🔥 Universal Phone Agent Control

Quick Start (v2.0)

Setup

# Configure your device first
cp config.example.yaml ~/.hermes-phone-agent/config.yaml
# Edit the config file for your device type

# Test connection
python3 scripts/test_device.py

Python API (New in v2.0)

from phone_agent import PhoneAgent

# Auto-detects device from config
agent = PhoneAgent()

# Camera
agent.capture_camera()  # Captures to configured path

# Audio
agent.record_audio(duration=5, output_path="recording.wav")
agent.play_audio("response.wav")

# Screen control
agent.wake_screen()
agent.unlock_screen(pin="4658")
agent.type_text("Hello world")

# Check device status
print(agent.device.is_online())

Vision Feedback Loop (v1 Compatible)

ALWAYS follow this pattern for UI automation:

Step 1: Screenshot

bash(cmd="adb exec-out screencap -p > ./assets/screen.png")

Step 2: Analyze with Vision

bash(cmd="python3 ./scripts/vision_helper.py ./assets/screen.png \"Find all buttons and their coordinates (x,y)\"")

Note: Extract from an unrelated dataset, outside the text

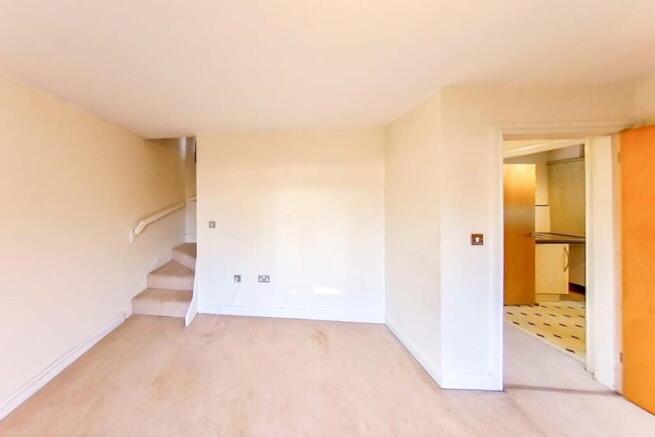 3 bed Detached to rent Image 2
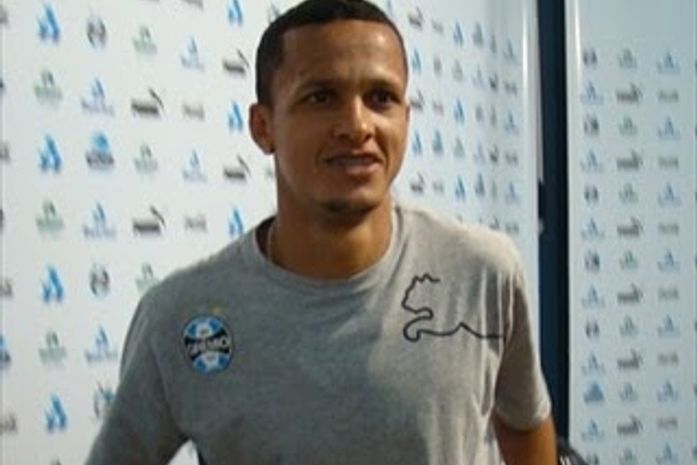 Em Alagoas Souza envia fax com contrato e assina com o Fluminense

Step 3: Act with Exact Coordinates

# Tap at coordinates from vision analysis
bash(cmd="adb shell input tap <x> <y>")

# Swipe
bash(cmd="adb shell input swipe <x1> <y1> <x2> <y2> 300")

# Type text
bash(cmd="adb shell input text 'your text'")

Step 4: Verify

bash(cmd="adb exec-out screencap -p > ./assets/screen_after.png")
bash(cmd="python3 ./scripts/vision_helper.py ./assets/screen_after.png \"Confirm action succeeded\"")

Device Types Supported

Termux (Best Performance)

Physical Android phones with Termux installed
Direct camera access via termux-camera-photo
Audio recording via termux-microphone-record
Playback via termux-media-player
SSH + SCP for file transfers

ADB Only (Standard Android)

Any Android device with ADB enabled
Camera via screencap (screen capture)
Audio via screenrecord --audio (Android 10+)
Push/pull files via ADB

Emulator (No Hardware Needed)

Android Studio emulator
Genymotion
Waydroid (Linux container)
Outputs audio to host speakers

Available Commands

Basic Actions

# Tap at coordinates
bash(cmd="adb shell input tap <x> <y>")

# Swipe with duration
bash(cmd="adb shell input swipe <x1> <y1> <x2> <y2> <duration_ms>")

# Type text (escapes special chars)
bash(cmd="adb shell input text 'your text here'")

# Key events
bash(cmd="adb shell input keyevent KEYCODE_HOME")
bash(cmd="adb shell input keyevent KEYCODE_BACK")
bash(cmd="adb shell input keyevent KEYCODE_ENTER")
bash(cmd="adb shell input keyevent KEYCODE_WAKEUP")

App Control

# Launch app by package
bash(cmd="adb shell am start -n com.package.name/.MainActivity")

# Force stop app
bash(cmd="adb shell am force-stop com.package.name")

# Open URL
bash(cmd="adb shell am start -a android.intent.action.VIEW -d 'https://example.com'")

Screen Management

# Wake screen
bash(cmd="adb shell input keyevent KEYCODE_WAKEUP")

# Take screenshot
bash(cmd="adb exec-out screencap -p > ./assets/screen.png")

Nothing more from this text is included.